Let $x$ and $y$ be two $4$ digit palindromes and $z$ be a five digit palindrome. If $x + y = z$, how many values of $z$ are possible ? (A palindrome is a number which reads the same forwards and backwards.)
I took the case where the palindromes were all made of the same digit and found that $12221$ can be a possible value of $z$ ( $6666,5555$ being the $4$ digit palindromes.)
I don't know how to proceed further.
For convenience, denote \begin{equation} x=\overline{abba}=1001a+110b, y=\overline{cddc}=1001c+110d, z=\overline{efgfe}=10001e+1010f+100g \end{equation}
\begin{equation} 1001(a+c)+110(b+d)=x+y=z=10001e+1010f+100g \end{equation}
Note that $10^4 \leq z=x+y<1000(a+1)+1000(c+1) \leq 2(10)^4$. Therefore $z$ has leading digit $e=1$. Now $a+c \equiv e \equiv 1 \pmod{10}$, but $1000(a+c+2)>10^4$ so $a+c \not =1$. Thus $a+c=11$.
Therefore
\begin{equation} 11011+110(b+d)=10001+1010f+100g \\ 1010+110(b+d)=1010f+100g \\ 11(b+d)=101(f-1)+10g \end{equation}
Since $10g<101$, $f \not =0$. Since $11(b+d) \leq 11(18)<2(101)$, $f \leq 2$. Thus $f=1, 2$.

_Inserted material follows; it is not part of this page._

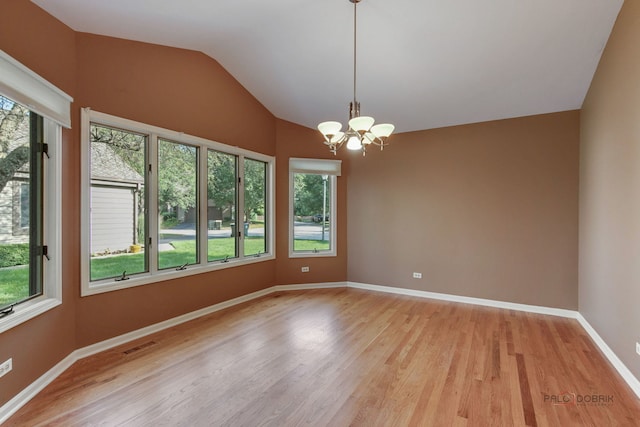 unfurnished room with plenty of natural light, light hardwood / wood-style floors, and a chandelier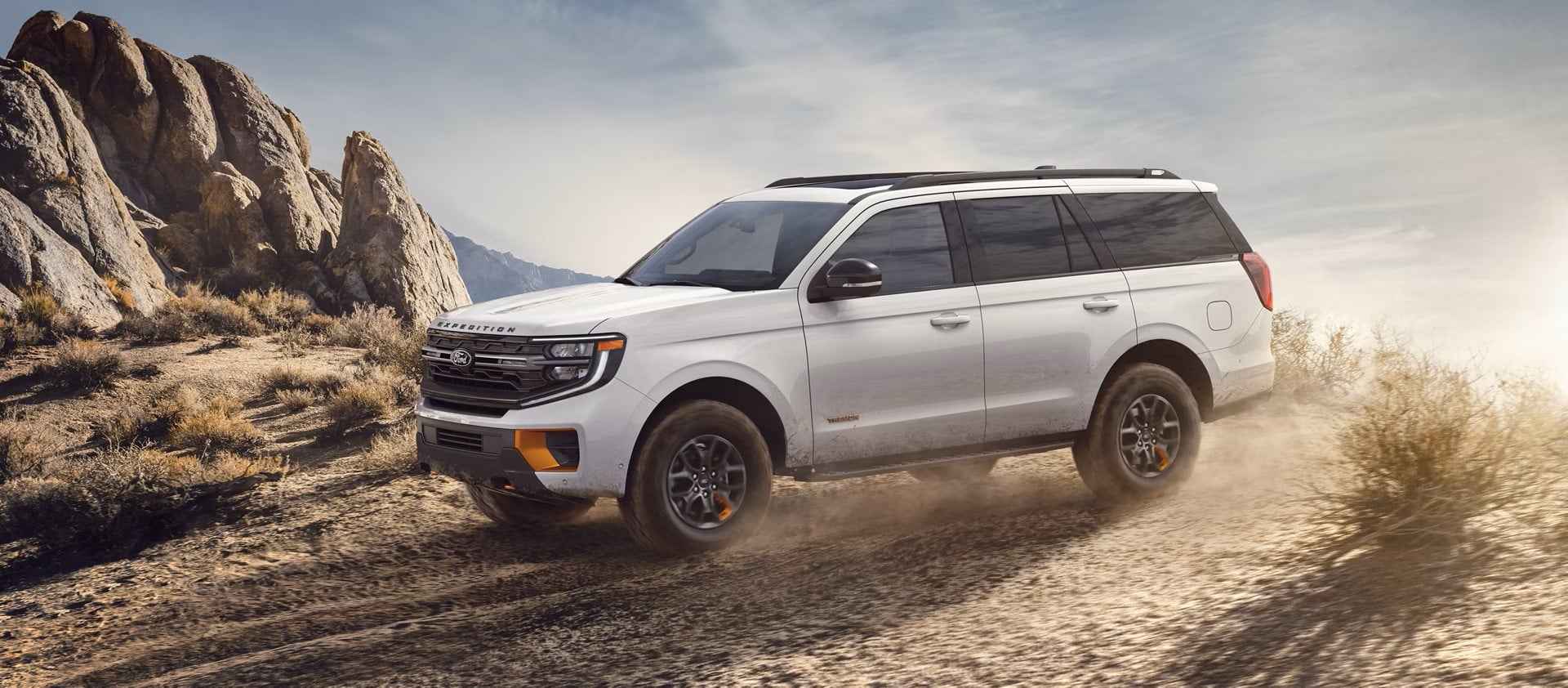 Ford Expedition driving on a dirt trail, kicking up dust.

If $f=1$, we have $11 \mid g$, so $g=0$, so $b+d=0$, so $b=d=0$. This gives the solutions $2002+9009=3003+8008=4004+7007=5005+6006=11011$.
If $f=2$, we have $11(b+d)=101+10g$, so $0 \equiv 101+10g \equiv 2-g \pmod{11}$, so $g=2$. Thus $b+d=11$. This gives $z=12221$, with $a+c=b+d=11$. (and so we could have $5445+6776=12221$ for example)
There are thus 2 possible values of $z$.